Items listed in a dataset
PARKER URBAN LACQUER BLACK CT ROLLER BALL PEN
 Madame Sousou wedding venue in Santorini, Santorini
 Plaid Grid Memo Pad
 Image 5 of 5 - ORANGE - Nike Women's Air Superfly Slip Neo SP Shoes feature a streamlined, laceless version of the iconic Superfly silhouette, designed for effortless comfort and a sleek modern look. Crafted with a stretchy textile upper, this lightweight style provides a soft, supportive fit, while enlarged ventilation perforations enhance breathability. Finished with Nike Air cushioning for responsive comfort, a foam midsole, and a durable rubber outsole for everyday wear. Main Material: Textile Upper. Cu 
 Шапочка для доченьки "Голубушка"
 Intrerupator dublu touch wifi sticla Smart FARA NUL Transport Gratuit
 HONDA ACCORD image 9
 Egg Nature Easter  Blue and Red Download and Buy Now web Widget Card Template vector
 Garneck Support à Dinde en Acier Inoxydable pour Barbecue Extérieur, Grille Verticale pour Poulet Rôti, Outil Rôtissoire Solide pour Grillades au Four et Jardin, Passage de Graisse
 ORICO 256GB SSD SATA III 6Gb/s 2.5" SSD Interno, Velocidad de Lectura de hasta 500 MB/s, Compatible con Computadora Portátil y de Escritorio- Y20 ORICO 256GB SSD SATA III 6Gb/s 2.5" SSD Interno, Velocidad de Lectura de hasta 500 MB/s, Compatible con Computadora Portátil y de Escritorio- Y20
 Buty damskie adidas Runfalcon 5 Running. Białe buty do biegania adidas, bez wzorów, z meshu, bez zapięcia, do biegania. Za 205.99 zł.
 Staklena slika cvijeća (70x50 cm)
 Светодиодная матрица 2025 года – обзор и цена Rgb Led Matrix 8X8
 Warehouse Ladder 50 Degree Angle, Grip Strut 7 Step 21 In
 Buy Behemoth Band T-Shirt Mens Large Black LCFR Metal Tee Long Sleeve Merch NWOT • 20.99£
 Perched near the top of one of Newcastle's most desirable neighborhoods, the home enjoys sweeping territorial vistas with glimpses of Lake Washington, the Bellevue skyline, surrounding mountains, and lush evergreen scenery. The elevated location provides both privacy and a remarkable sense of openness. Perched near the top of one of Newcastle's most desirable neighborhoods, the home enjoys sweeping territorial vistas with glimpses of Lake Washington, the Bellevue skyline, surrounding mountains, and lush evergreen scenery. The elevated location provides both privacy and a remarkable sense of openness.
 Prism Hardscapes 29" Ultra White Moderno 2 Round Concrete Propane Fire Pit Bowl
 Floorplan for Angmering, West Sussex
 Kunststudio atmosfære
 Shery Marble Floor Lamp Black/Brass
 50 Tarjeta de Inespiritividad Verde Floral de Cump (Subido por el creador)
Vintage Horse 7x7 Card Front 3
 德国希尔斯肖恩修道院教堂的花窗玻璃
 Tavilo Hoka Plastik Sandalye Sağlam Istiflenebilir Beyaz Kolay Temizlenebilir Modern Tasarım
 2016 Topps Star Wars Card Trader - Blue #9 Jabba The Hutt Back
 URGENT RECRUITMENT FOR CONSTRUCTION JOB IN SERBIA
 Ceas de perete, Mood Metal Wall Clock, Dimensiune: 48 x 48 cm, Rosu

Task details =>
Write out every line from the data above that includes "Card".

Answer =>
 Egg Nature Easter  Blue and Red Download and Buy Now web Widget Card Template vector
Vintage Horse 7x7 Card Front 3
 2016 Topps Star Wars Card Trader - Blue #9 Jabba The Hutt Back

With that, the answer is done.